• Eric Short

Salvation Army Brings Much Needed Relief to Flood Ravaged Kentucky

(Hazard, KY) – A brief respite from days of rain on Saturday allowed The Salvation Army to begin moving their considerable disaster relief resources into this flood ravaged area of Southeast Kentucky. Units from Richmond and Danville brought meals, beverages, snacks, and cleaning supplies, as well as providing much-needed emotional and spiritual care to survivors and first responders.

Captain Kevin Justice of the Richmond Corps piloted his mobile canteen unit to Jackson on Saturday, setting up meal service near the Family Dollar store on Kentucky Highway 15. It didn’t take long for local residents to take notice. “We went through 250 meals quickly and had to send the van back to Richmond for more meals,” reported Captain Justice. “There is nothing to eat, so the folks here are happy to see us and thankful for the help we’re providing in their time of desperate need.” Justice said he will be back in the same location on Sunday. In the evening, he plans to deliver meals to the shelter in Wolfe County at the high school and middle school.

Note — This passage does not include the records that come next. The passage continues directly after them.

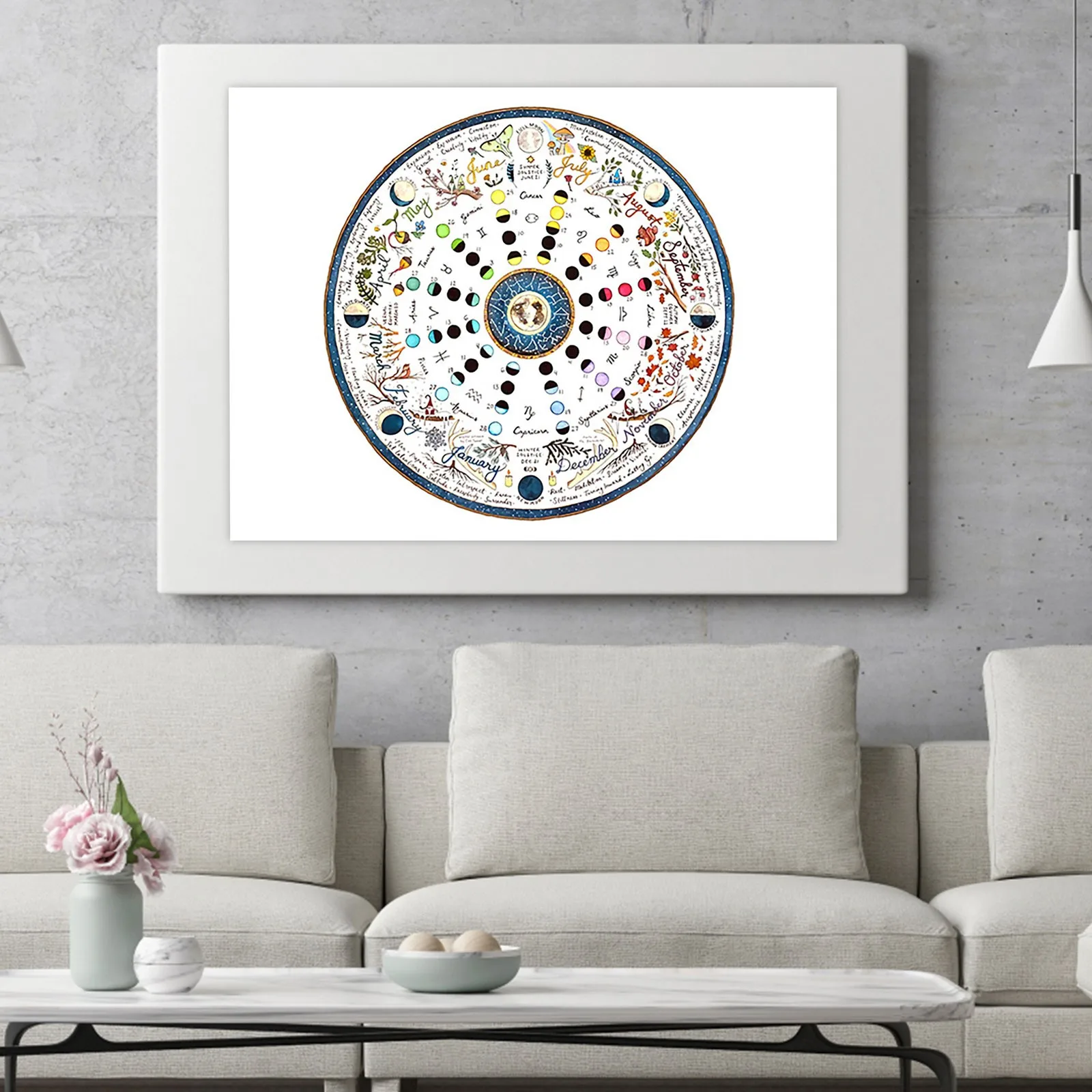 Картина 2022 лунный календарь ежегодное кольцо холст подвесная картина с фазой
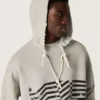 Sudadera unisex con capucha de algodón gris con estampado de bandera vintage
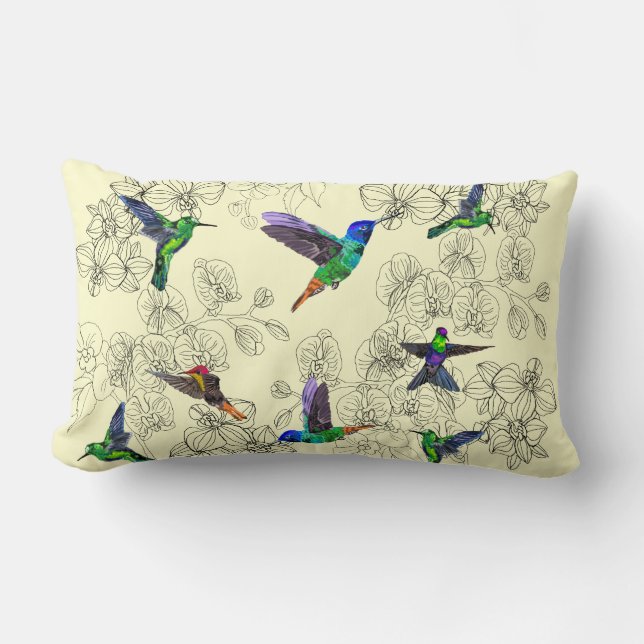 Spring Birds Pillow Hummingbird - Your Colours (Front)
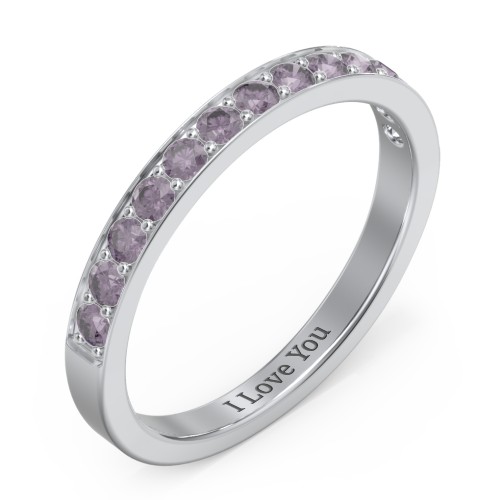 Classic Half Eternity Ring – Sterling Silver with Alexandrite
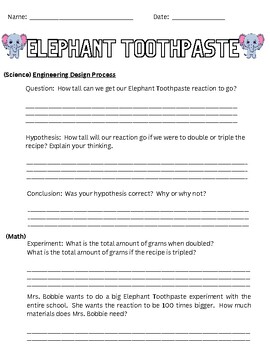 Preview of Elephant Toothpaste Notecatcher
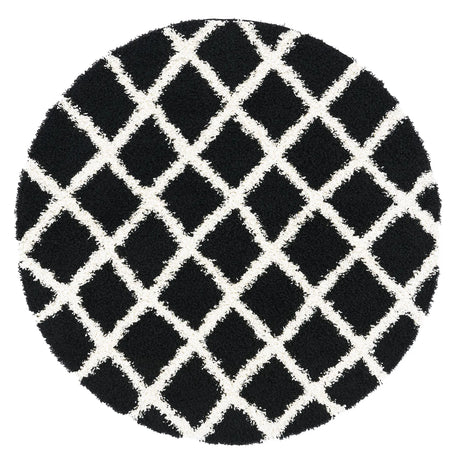 Safavieh Sgd-Dallas Shag 6'-0" x 6'-0" Rug in Black / Ivory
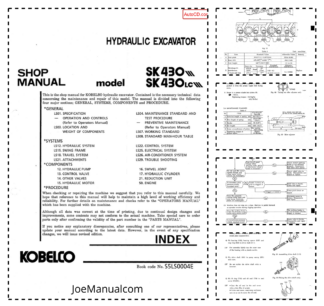 Kobelco SK430 SK430LC Excavator Workshop Manual S5LS0004E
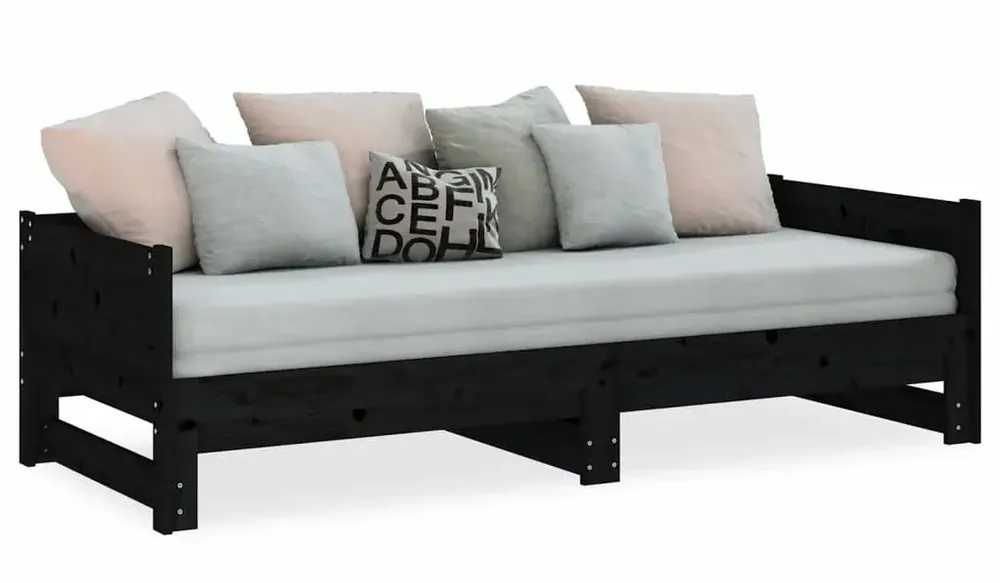 Czarne łóżko rozkładane z litego drewna 2x(80x200) cm - Eluwin 3X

Meanwhile, Lieutenant Cornelius Walton of the Danville Corps transported 150 meals to Jenny Wiley State Park Resort in Prestonsburg, where more than 100 people are sheltering. On Friday, Emergency Disaster Services Director Bo Sells delivered more than 500 cleanup kits from Louisville to Floyd County.

In total for Saturday, The Salvation Army served 650 meals, 200 drinks, and 200 snacks. On Monday, additional units will be deployed to the area from Louisville, Middlesboro, and Jackson, Tennessee.

The Salvation Army is coordinating their efforts with state and local officials, as well as other participating relief agencies, and plans to be in the area as long as their services are needed. An Incident Command Post has been established in Hazard to coordinate the response.